**Data records**
******

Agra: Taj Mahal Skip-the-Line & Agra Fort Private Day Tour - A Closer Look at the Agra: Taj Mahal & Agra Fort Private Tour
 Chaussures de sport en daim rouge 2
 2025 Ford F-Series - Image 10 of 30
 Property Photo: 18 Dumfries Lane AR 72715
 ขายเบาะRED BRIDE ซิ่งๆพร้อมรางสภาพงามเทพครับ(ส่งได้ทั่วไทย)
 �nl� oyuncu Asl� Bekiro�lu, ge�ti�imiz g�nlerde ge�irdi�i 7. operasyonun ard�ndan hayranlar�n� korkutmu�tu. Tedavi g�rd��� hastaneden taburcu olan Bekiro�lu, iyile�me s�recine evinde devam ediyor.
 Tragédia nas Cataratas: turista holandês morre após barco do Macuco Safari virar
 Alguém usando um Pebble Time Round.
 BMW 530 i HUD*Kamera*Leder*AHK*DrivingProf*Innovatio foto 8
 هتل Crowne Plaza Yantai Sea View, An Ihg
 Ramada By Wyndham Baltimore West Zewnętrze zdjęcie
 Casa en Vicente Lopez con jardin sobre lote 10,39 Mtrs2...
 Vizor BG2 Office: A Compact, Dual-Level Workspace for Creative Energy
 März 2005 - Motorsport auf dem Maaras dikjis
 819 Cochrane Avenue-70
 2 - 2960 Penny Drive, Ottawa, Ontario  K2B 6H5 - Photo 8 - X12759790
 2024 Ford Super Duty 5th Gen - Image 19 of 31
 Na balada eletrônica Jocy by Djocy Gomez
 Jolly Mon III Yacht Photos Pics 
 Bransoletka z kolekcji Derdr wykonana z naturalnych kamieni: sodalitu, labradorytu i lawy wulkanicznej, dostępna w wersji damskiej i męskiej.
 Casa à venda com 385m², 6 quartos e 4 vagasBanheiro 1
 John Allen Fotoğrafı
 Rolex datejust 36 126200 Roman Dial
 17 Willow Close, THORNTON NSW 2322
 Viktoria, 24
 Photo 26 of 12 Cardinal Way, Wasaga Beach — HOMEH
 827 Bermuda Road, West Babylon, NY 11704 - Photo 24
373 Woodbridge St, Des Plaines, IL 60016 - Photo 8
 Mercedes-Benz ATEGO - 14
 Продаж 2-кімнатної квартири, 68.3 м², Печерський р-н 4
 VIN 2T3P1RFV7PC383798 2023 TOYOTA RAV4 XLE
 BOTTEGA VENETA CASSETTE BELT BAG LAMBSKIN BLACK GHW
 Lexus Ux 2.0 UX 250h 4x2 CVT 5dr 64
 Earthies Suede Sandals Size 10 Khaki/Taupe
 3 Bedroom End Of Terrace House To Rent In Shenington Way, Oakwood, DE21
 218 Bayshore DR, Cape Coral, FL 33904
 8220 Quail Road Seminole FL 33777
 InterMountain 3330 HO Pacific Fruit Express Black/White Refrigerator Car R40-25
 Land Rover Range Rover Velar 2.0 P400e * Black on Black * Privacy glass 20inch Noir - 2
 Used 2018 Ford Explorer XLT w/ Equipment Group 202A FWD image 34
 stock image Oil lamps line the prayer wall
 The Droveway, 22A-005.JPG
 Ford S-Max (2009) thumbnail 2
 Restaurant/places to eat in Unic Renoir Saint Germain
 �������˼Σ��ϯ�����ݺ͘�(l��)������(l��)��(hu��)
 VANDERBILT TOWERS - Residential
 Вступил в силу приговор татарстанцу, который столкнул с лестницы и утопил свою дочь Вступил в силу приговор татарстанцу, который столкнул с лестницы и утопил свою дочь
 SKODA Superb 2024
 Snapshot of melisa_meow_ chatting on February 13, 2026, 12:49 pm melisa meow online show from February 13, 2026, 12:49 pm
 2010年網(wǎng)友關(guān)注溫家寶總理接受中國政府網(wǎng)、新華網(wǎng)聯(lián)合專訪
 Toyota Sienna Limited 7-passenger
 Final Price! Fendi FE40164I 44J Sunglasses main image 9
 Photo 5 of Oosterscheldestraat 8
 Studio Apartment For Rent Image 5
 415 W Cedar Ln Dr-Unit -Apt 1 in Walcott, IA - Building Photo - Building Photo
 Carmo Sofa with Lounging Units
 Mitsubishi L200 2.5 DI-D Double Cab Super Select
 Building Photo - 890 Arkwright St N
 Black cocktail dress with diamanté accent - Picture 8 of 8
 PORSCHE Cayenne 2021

******

**The task**
Take from the listing every line in which the word "Building" appears.

**Answer to this problem**
 415 W Cedar Ln Dr-Unit -Apt 1 in Walcott, IA - Building Photo - Building Photo
 Building Photo - 890 Arkwright St N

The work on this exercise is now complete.